People in the wealthiest parts of the world are living longer than ever. Life expectancy at birth in the 35 OECD countries, for example, is now more than 80 years.
While in most wealthy countries universal health coverage gives financial protection to people against the cost of illness, many in other parts of the world still live without access to basic healthcare.
According to World Health Organization data, 800 million people are forced to spend at least 10% of their income on healthcare, meaning some families must choose between health costs and other essentials such as food and education.
The link between healthcare spending and greater longevity is clear. The OECD notes in its Health At A Glance report that life expectancy is a key indicator to understanding the overall health of a population.
In general, the more a country spends per capita on healthcare, the higher the life expectancy.
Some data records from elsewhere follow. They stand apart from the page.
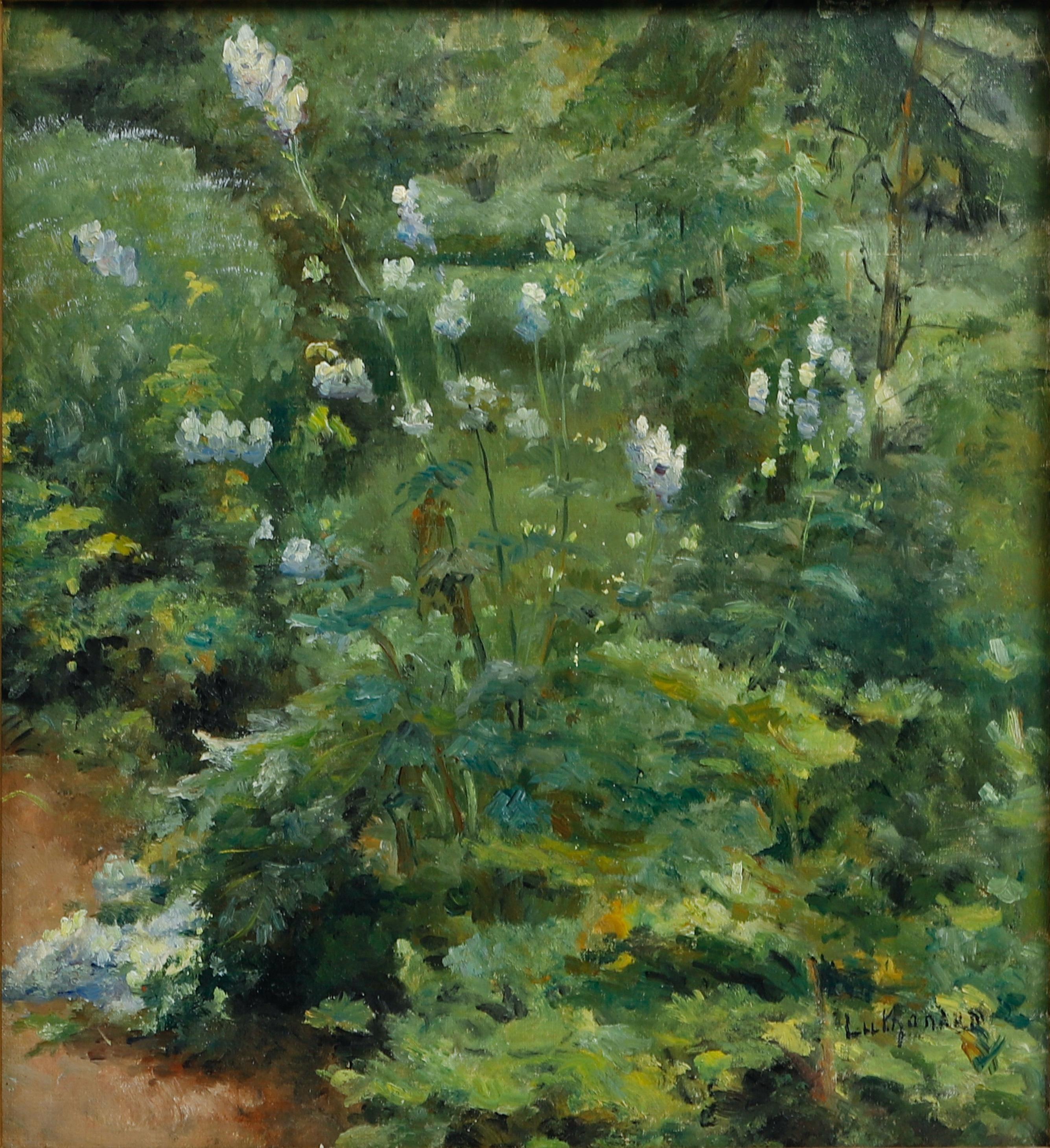 Studie von Blumen im Grünen - Anfang 20. Jahrhundert Öl auf Leinwand – Painting von Carl Luthander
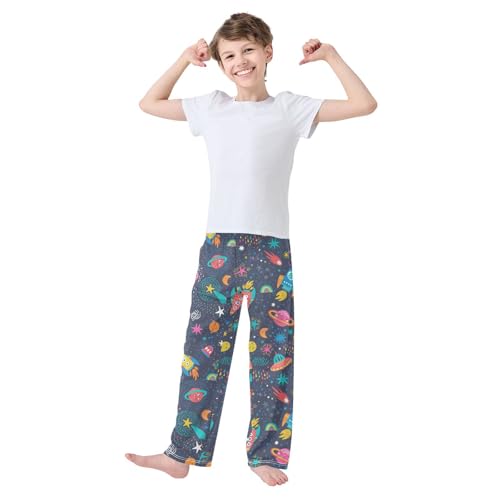 ZZXXB Planet Rocket Star Boys Long Pants Soft Trousers Elastic Waist Kids Lounge Bottoms with Pockets S-XL2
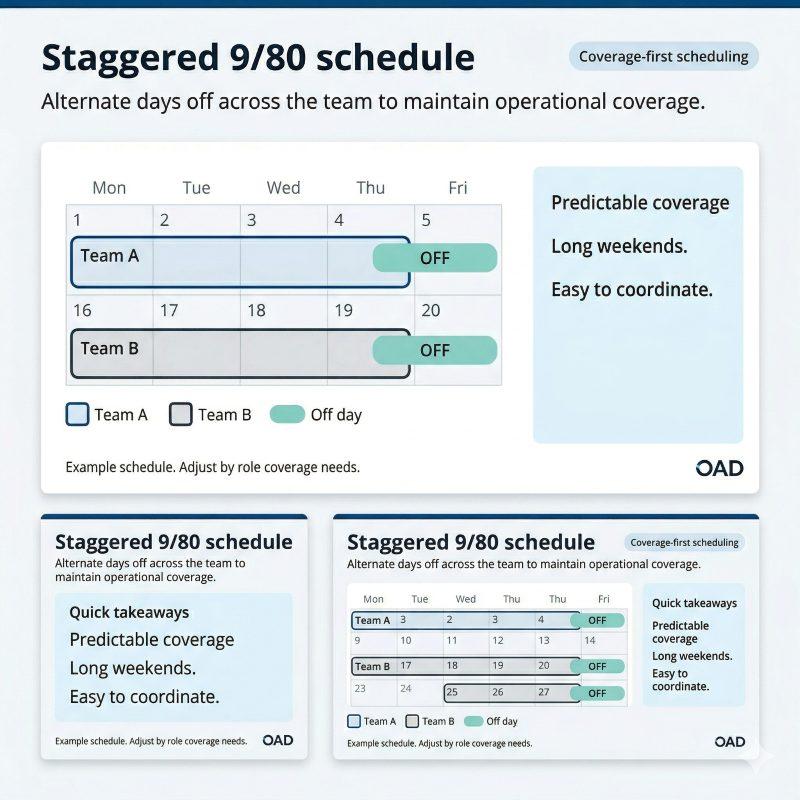 Staggered 9/80 schedule calendar for operational coverage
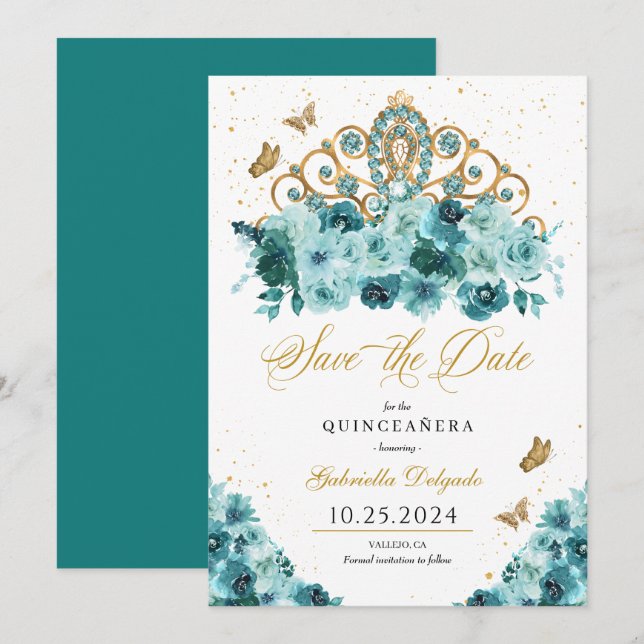 Convites Teal & Dourado Tiara Salve A Data Quinceañera (Frente/Verso)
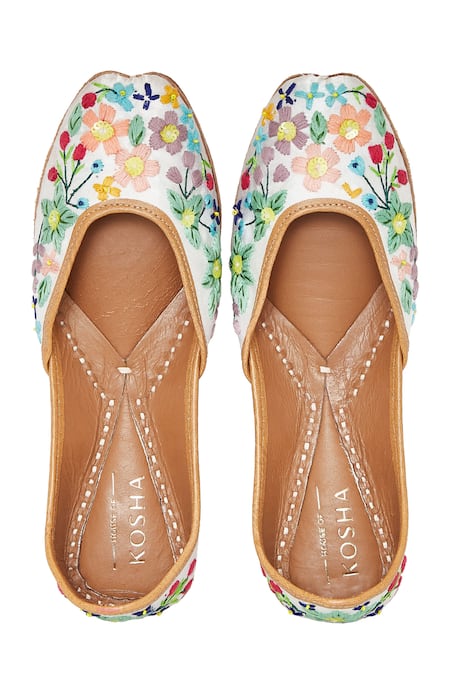 Shop House Of Kosha Multi Color Sequins, Embroidery Rabia Garden Leather Juttis at Aza Fashions Shop_House Of Kosha_Multi Color Sequins, Embroidery Rabia Garden Leather Juttis _at_Aza_Fashions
The impact is most dramatic when a country is starting from a low base.
This explains why, over a 45-year period, some of the biggest investors in healthcare saw a rise in life expectancy of less than 10 years, while countries such as India, Turkey, Korea and China saw more dramatic rises in life expectancy to reach as much as 20 years.
However, whether significant total spend on healthcare results in higher life expectancy depends on the distribution of financial resources.
The US, for example, is the world’s biggest spender on healthcare as a share of GDP, but life expectancy there is significantly less than the OECD average.
The reasons for this are complex, but research has found repeatedly that the US system scores especially badly on measures of affordability, access and equality between the rich and poor.
Administrative costs are also far higher than comparable countries. Nurses in the US, for example, spend 18 hours more a week than their Canadian counterparts on administrative tasks, and clerical staff work an extra 37 hours.
Education and gender are also strong indicators of life expectancy. Men and women with a tertiary education, on average, live significantly longer than those of the same gender who are less educated; the widest gap, however, is between tertiary-educated men and their less-educated counterparts.
Aside from the money spent on healthcare, more broadly, positive socio-economic conditions such as healthy lifestyles contribute to raising life expectancy.